O filme funciona bem nesses primeiros minutos. Os desentendimentos dos protagonistas tem plausibilidade e contam com pitadas de humor criativo, dando um ar caricatural a discussões realmente bobas, mas nunca gratuitas e representando o estado de ânimos daquelas duas pessoas em meio a um questionamento sobre a relação. Se pode parecer banal falar quem gosta mais de comer pescoço de galinha, isso apenas serve de deboche para uma problemática maior, que é a eterna luta entre homem e mulher numa vida conjugal. E o carisma e talento dos dois atores veteranos ajuda a criar empatia e identificação imediatas.
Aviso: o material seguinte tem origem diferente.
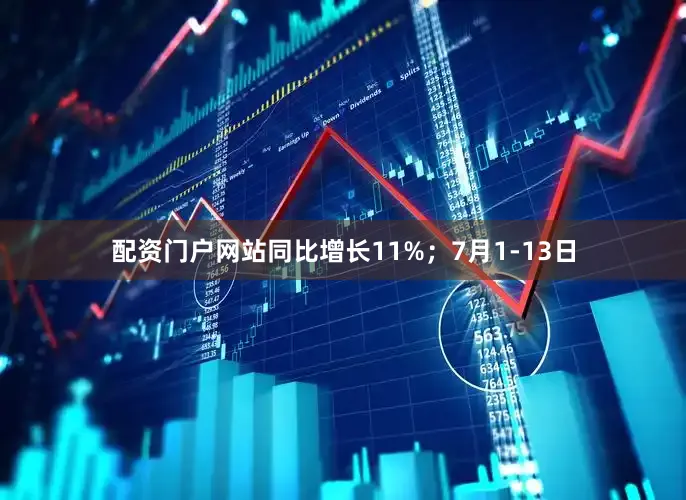 配资门户网站同比增长11%；7月1-13日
Mas como fez em A Partilha, seu longa anterior, Daniel
Filho não se satisfaz em ter uma premissa excelente a ser trabalhada.
Ele precisa tentar dar a sua "cara" ao filme, deixar claro a
cada espectador que aquilo na tela não é uma comédia amargurada,
mas algo fantasioso, fabular. Isso pode ser um grande trunfo
na mão de um diretor de cinema talentoso, coisa que Daniel Filho
não é. Quando o roteiro impõe (sim, esta é a palavra adequada:
impor) o encontro das mesma personagem em épocas diferentes
- a versão jovem é vivida por Débora Falabella -, o filme não
sabe sair dessa situação surreal e apela para o mais óbvio dos
manuais de roteiros: mostra ao espectador o que aconteceria
se Carolina não se casasse com Luís Cláudio.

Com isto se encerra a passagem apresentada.